Tag Archives: sift

Introduction to SIFT (Scale-Invariant Feature Transform)

In the previous blogs, we discussed some corner detectors such as Harris Corner, Shi-Tomasi, etc. If you remember, these corner detectors were rotation invariant, which basically means, even if the image is rotated we would still be able to detect the same corners. This is obvious because corners remain corners in the rotated image also. But when it comes to scaling, these algorithms suffer and don’t give satisfactory results. This is obvious because if we scale the image, a corner may not remain a corner. Let’s understand this with the help of the following image (Source: OpenCV)

See on the left we have a corner in the small green window. But when this corner is zoomed (see on the right), it no longer remains a corner in the same window. So, this is the issue that scaling poses. I hope you understood this.

So, to solve this, in 2004, D.Lowe, University of British Columbia, in his paper, Distinctive Image Features from Scale-Invariant Keypoints came up with a new algorithm, Scale Invariant Feature Transform (SIFT). This algorithm not only detects the features but also describes them. And the best thing about these features is that these features are invariant to changes in

  • Scale
  • Rotation
  • Illumination (partially)
  • Viewpoint (partially)
  • Minor image artifacts/ Noise/ Blur

That’s why this was a breakthrough in this field at that time. So, you can use these features to perform different tasks such as object recognition, tracking, image stitching, etc, and don’t need to worry about scale, rotation, etc. Isn’t this cool and that too around 2004!!!

There are mainly four steps involved in SIFT algorithm to generate the set of image features

  • Scale-space extrema detection: As clear from the name, first we search over all scales and image locations(space) and determine the approximate location and scale of feature points (also known as keypoints). In the next blog, we will discuss how this is done but for now just remember that the first step simply finds the approximate location and scale of the keypoints
  • Keypoint localization: In this, we take the keypoints detected in the previous step and refine their location and scale to subpixel accuracy. For instance, if the approximate location is 17 then after refinement this may become 17.35 (more precise). Don’t worry we will discuss how this is done in the next blogs. After the refinement step, we discard bad keypoints such as edge points and the low contrast keypoints. So, after this step we get robust set of keypoints.
  • Orientation assignment: Then we calculate the orientation for each keypoint using its local neighborhood. All future operations are performed on image data that has been transformed relative to the assigned orientation, scale, and location for each feature, thereby providing invariance to these transformations.
  • Keypoint descriptor: All the previous steps ensured invariance to image location, scale and rotation. Finally we create the descriptor vector for each keypoint such that the descriptor is highly distinctive and partially invariant to the remaining variations such as illumination, 3D viewpoint, etc. This helps in uniquely identify features. Once you have obtained these features along with descriptors we can do whatever we want such as object recognition, tracking, stitching, etc. This sums up the SIFT algorithm on a coarser level.

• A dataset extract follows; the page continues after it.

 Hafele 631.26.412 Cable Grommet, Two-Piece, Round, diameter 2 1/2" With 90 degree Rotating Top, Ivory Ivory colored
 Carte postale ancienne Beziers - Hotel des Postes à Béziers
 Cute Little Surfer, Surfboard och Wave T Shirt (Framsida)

Because SIFT is an extensive algorithm so we won’t be covering this in a single blog. We will understand each of these 4 steps in separate blogs and finally, we will implement this using OpenCV-Python. And as we will proceed, we will also understand how this algorithm achieves scale, rotation, illumination, and viewpoint invariance as discussed above.

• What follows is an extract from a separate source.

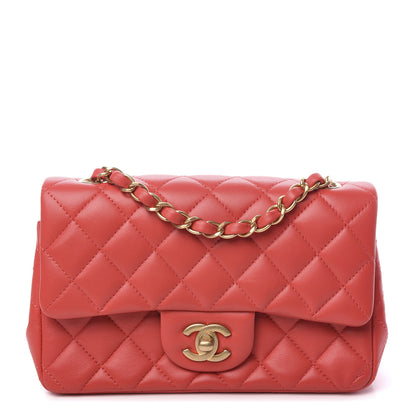 Chanel Lambskin Quilted Mini Rectangular Flap Red 1 of 9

So, in the next blog, let’s start with the scale-space extrema detection and understand this in detail. See you in the next blog. Hope you enjoy reading.

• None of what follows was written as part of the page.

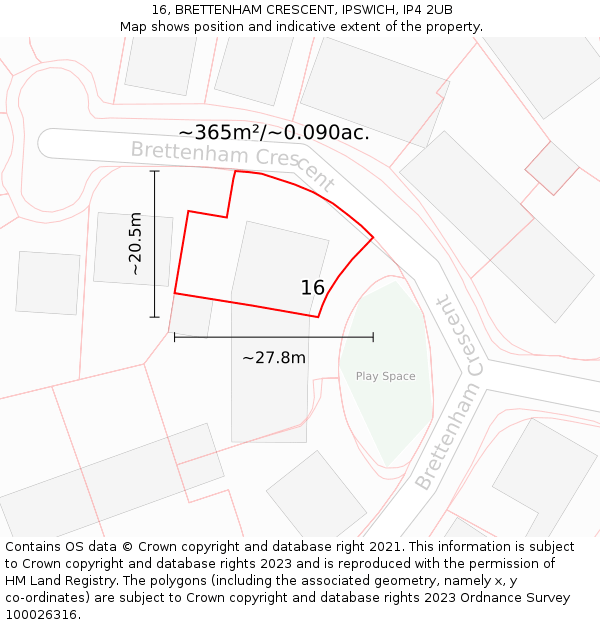 16, BRETTENHAM CRESCENT, IPSWICH, IP4 2UB: Plot and title map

If you have any doubts/suggestions please feel free to ask and I will do my best to help or improve myself. Goodbye until next time.

Feature Detection, Description, and Matching

In the previous blogs, we discussed different segmentation algorithms such as watershed, grabcut, etc. From this blog, we will start another interesting topic known as Feature Detection, Description, and Matching. This has many applications in the field of computer vision such as image-stitching, object tracking, serving as the first step for many computer vision applications, etc. Over the past few decades, a number of algorithms has been proposed but before diving into these algorithms let’s first understand what in general are the features, and why are important. So, let’s get started.

What is a Feature?

According to Wikipedia, a feature is any piece of information that is relevant for solving any task. For instance, let’s say we have the task of identifying an apple in the image. So, the features useful in this case can be shape, color, texture, etc.

Now, that you know what features are, let’s try to understand which features are more important than others. For this, let’s take the example of image matching. Suppose you are given two images (see below) and your task is to match the rectangle present in the first image with the other. And, let’s say you are given 3 feature points A- flat area, B- edge, and C- corner. So now the question is, which of these is a better feature for matching the rectangle.

Clearly, A is a flat area. So, it’s difficult to find the exact location of this point in the other image. Thus, this is not a good feature point for matching. For B (edge), we can find the approximate location but not the accurate location. So, an edge is, therefore, a better feature compared to the flat area, but not good enough. But we can easily and accurately locate C (corner) in the other image and is thus is considered a good feature. So, corners are considered to be good features in an image. These feature points are also known as interest points.

What is a good feature or interest point?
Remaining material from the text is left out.